Nesse tempo, fui até meu quarto para trocar de roupa. Pus uma blusa regata cor de rosa e uma saia jeans não muito curta, mas o tamanho incomum do meu quadril e bumbum deixavam a saia apertada em mim. Penteei meus cabelos e borrifei de leve um perfume de aroma suave.
A campainha toca. Deveria ser ela. Saí rapidamente em direção à porta.
- Pode deixar que eu atendo! - falei em bom tom enquanto atravessava a sala.
Ao abri-la, Melissa me abraçou carinhosamente e muito animada.
- Oieee, como vc está? Nossa, tá abatida. Foram as provas né?
- Sim, elas me consumiram. Entra.
Ela entrou ao mesmo tempo em que conversava de um jeito bem tagarela.
- Naquele dia quando a gente se conheceu, eu nem te contei. Eu também estava em prova e elas acabaram ontem mesmo.
- Que bom, estamos livre delas até o meio do ano.
- Sim! Mas então, cadê seus pais?
- Estão no quarto, eles já vem.
A tagarelice dela meio que combinava com o jeito despojado de se vestir. Os longos e pesados cabelos amarrados em um coque folgado no alto da cabeça mostrava ainda mais a beleza do seu rosto. Calçava uma sandália modelo birken usada por hippies e um vestido amarelo de alça finas com decote reto horizontal que cobria os pequenos seios evidenciando apenas os bicos.
Nisso, minha mãe ainda com a roupa de trabalho mas descalça, apareceu primeiro na sala muito simpática.
- Olá, tudo bom? então você é a nova amiga da Nívea? Muito prazer, Helena.
- Oi, Dona Helena. Prazer em conhecê-la - se cumprimentaram com dois beijos no rosto.
- Fiquei super contente quando vi que teria novos vizinhos. E só agora que um dos apartamentos do primeiro andar foi ocupado.
- Ah sim, isso leva tempo. Acredito que até o fim do ano, todos estejam com moradores.
Meu pai veio logo em seguida, com um sorrisinho simpático e um olhar analítico para Melissa como se ela fosse de outro planeta.

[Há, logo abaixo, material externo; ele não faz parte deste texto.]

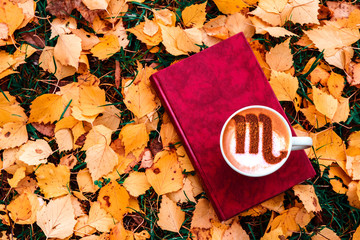 cup of cappuccino coffee with scorpion zodiac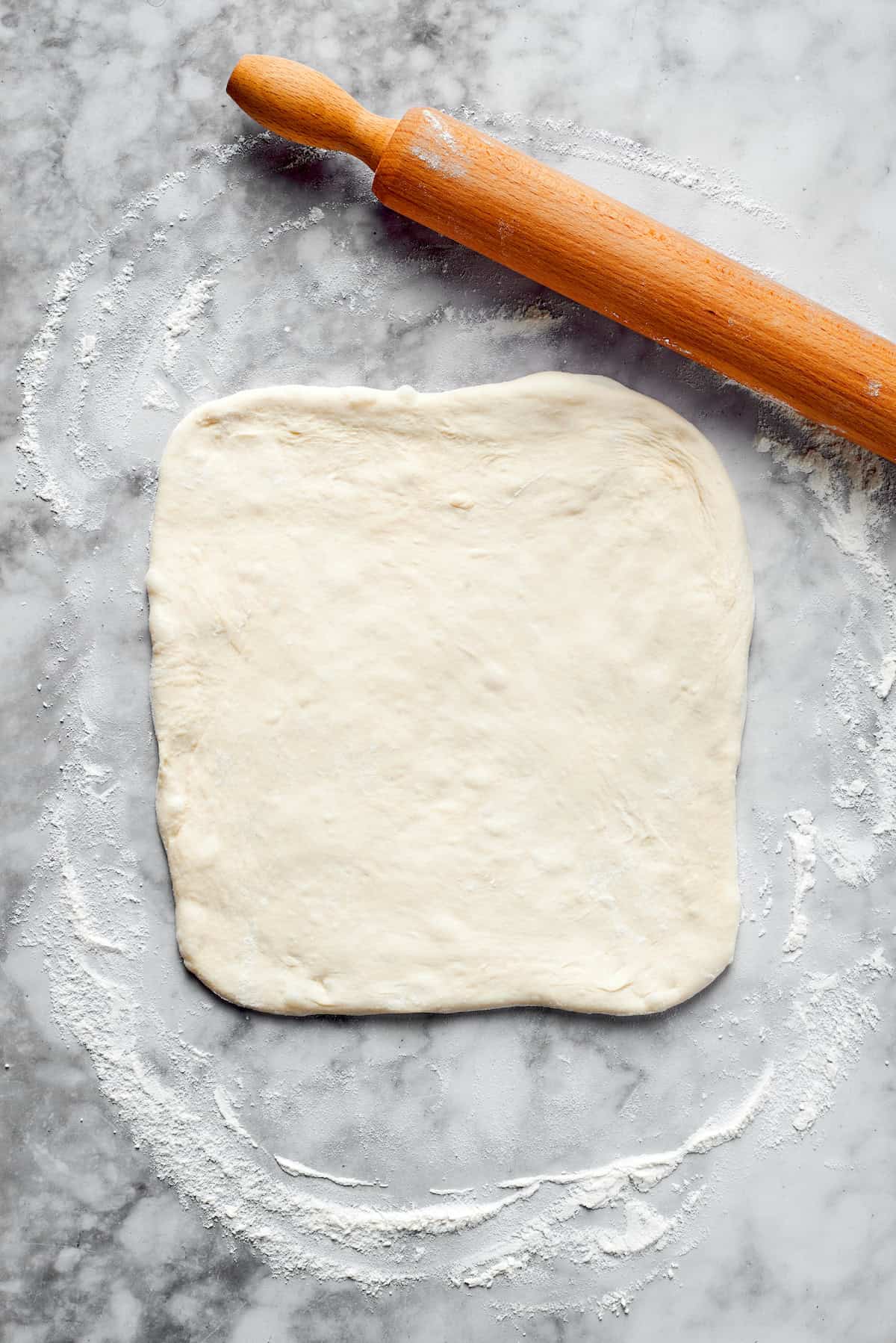 Pizza dough rolled into a square.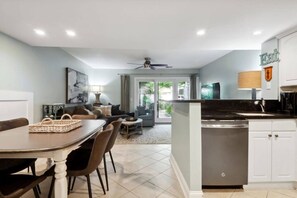A modern kitchen with white cabinets, a black countertop, and a built-in dishwasher.
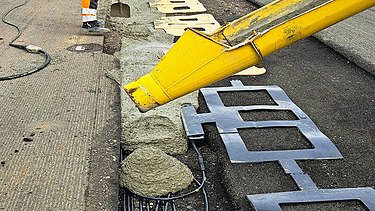 Foto von zwei Straßenbauarbeitern mit einer gelben Maschine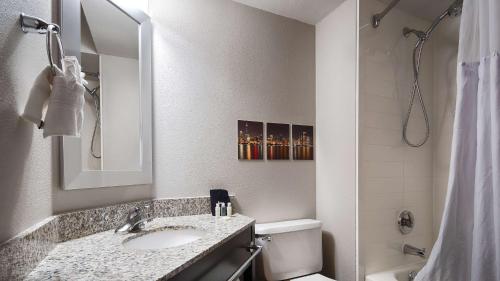 a bathroom with a sink and a toilet and a mirror at Best Western O'Hare/Elk Grove Hotel in Elk Grove Village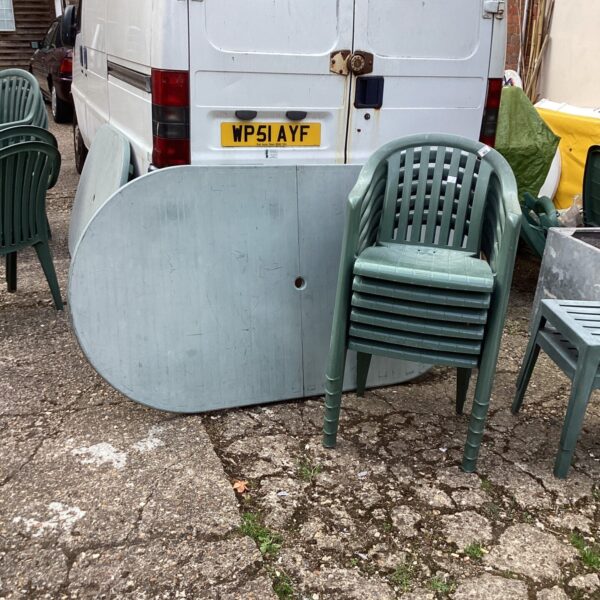 Used plastic garden table and six chairs in a garden setting.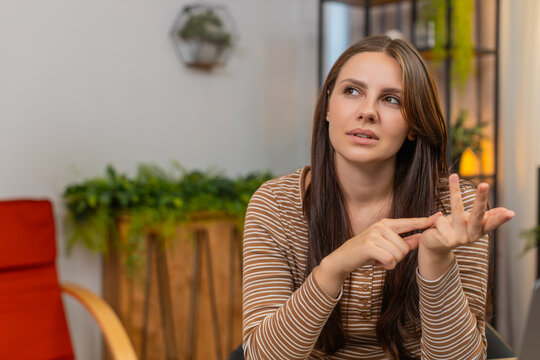 Young woman at home counts tasks on fingers folds digits and checks done list with calm focus. Caucasian girl at desk reviews progress tallies numbers writes note and plans next steps with quiet mood - Powered by Adobe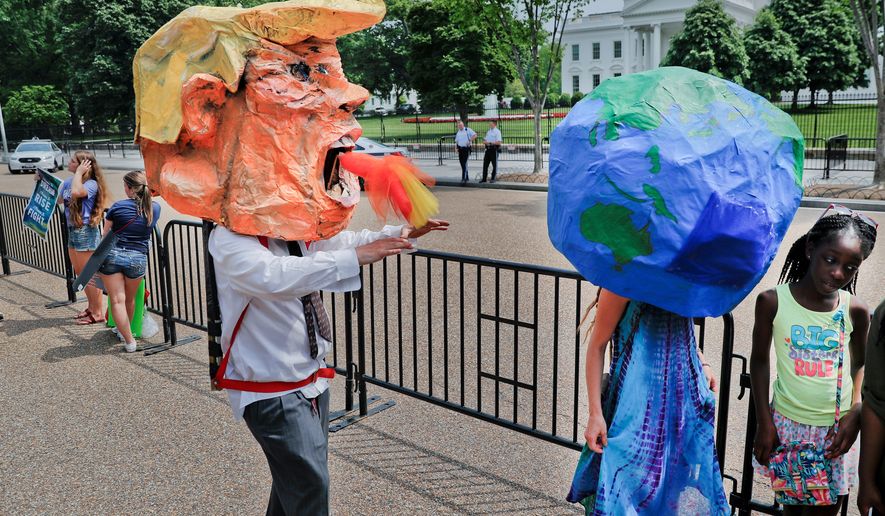 Demonstrators wearing papier-mch heads representing President Donald Trump and the planet Earth, walk along Pennsylvania Ave., in front of the White House in Washington, during a demonstration and march, Saturday, April 29, 2017. Thousands of people gather across the country to march in protest of President Donald Trump&#39;s environmental policies, which have included rolling back restrictions on mining, oil drilling and greenhouse gas emissions at coal-fired power plants. (AP Photo/Pablo Martinez Monsivais)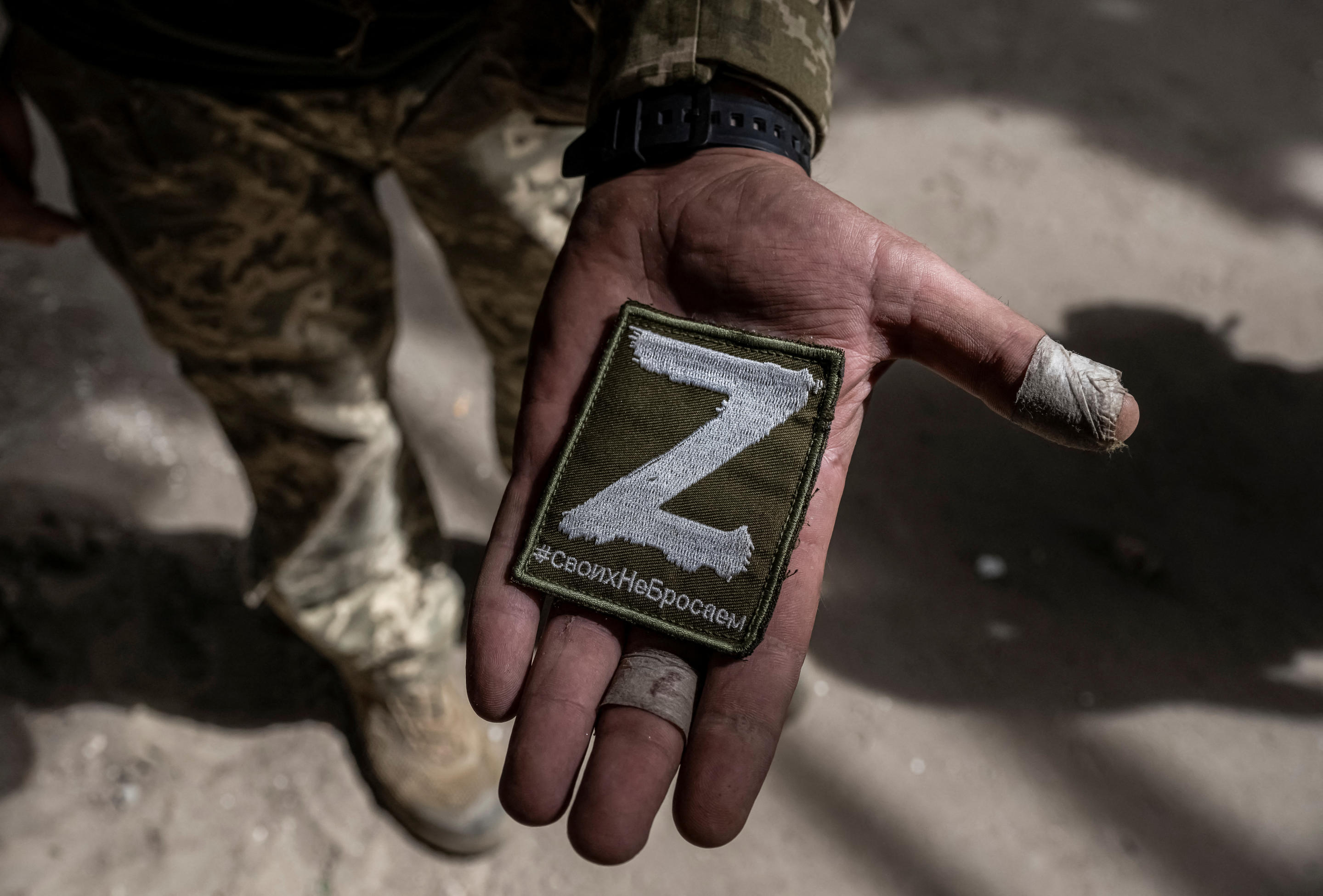 A Ukrainian serviceman shows a Russian military patch.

- Ravi de vous rencontrer* - ele lhe estendeu a mão. (prazer em conhecê-la)*
- Oi? - lhe cumprimentou de volta sem entender uma palavra.
- Pai, ela não fala francês - o adverti.
- Como assim, você é francesa? - Melissa se voltou para mim espantada.

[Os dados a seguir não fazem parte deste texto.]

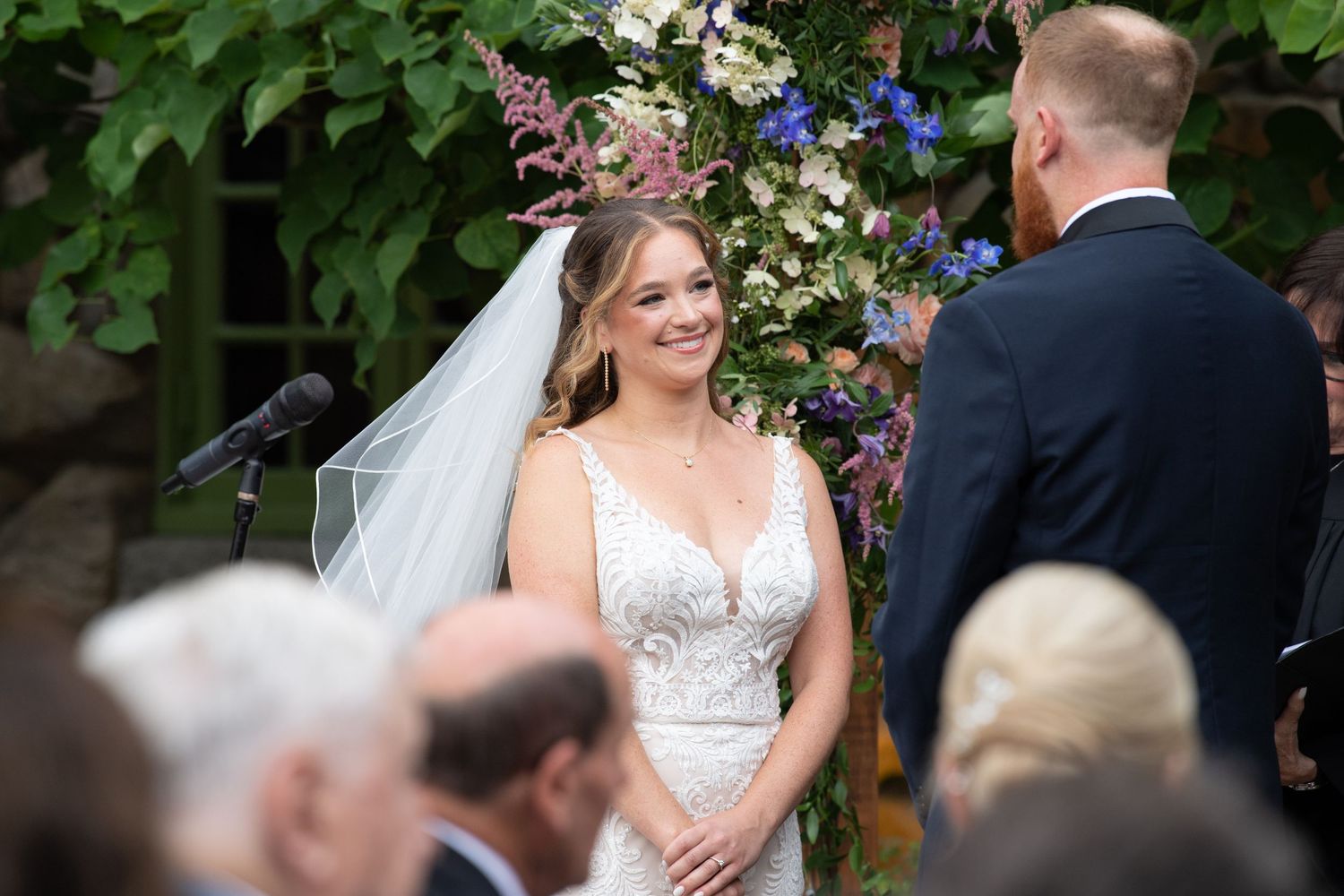 Outdoor wedding ceremony with floral arch and couple exchanging vows.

- Uma longa história, prometo te contar.
- Me desculpe. É força do hábito - papai muito educado se corrigiu.
- Então, hoje ma petit será sequestrada por causa de uma pizza - ele brincou.
- Sim, mas o local do sequestro é bem perto, aqui ao lado - percebi que Melissa também era bem humorada.
- E então? Vamos lá pra casa? O Felipe deve estar terminando de tomar banho.
- E quem é Felipe? - papai questionou.
- Meu meio-irmão.
Fiquei pensativa e de imediato me veio à mente o dia do flagrante: "Como assim meio-irmão?"
- Ótimo. Vamos marcar um dia para conhecer os seus pais, querida - minha mãe sugeriu.
- Sim, com certeza. Vamos Nívea?
- Claro. Até mais - me despedi dos meus pais.
- Amanhã é sábado, não precisa se preocupar em voltar tarde pra casa.
- Merci, papa.
E saímos na direção do apartamento vizinho. Ao entrarmos, o lugar era bem parecido com o meu apartamento. Apenas a localização dos cômodos era diferente. Uma coisa tínhamos em comum: nossas mães possuíam bom gosto com decoração.
Imediatamente, Melissa totalmente curiosa me perguntou afoita.
- Me conta isso! Você é francesa?
Sorri para ela. Era bonitinha a curiosidade.
- Então, eu nasci no Brasil mas meu pai tem dupla cidadania. Ele nasceu no Brasil também e quando tinha doze anos, se mudou com meus avós e os irmãos para a França. Eles sim são franceses.
- Nossa, que lindo. E sua mãe?
- Minha mãe é brasileira. Um dia eu te conto a história de como eles se conheceram.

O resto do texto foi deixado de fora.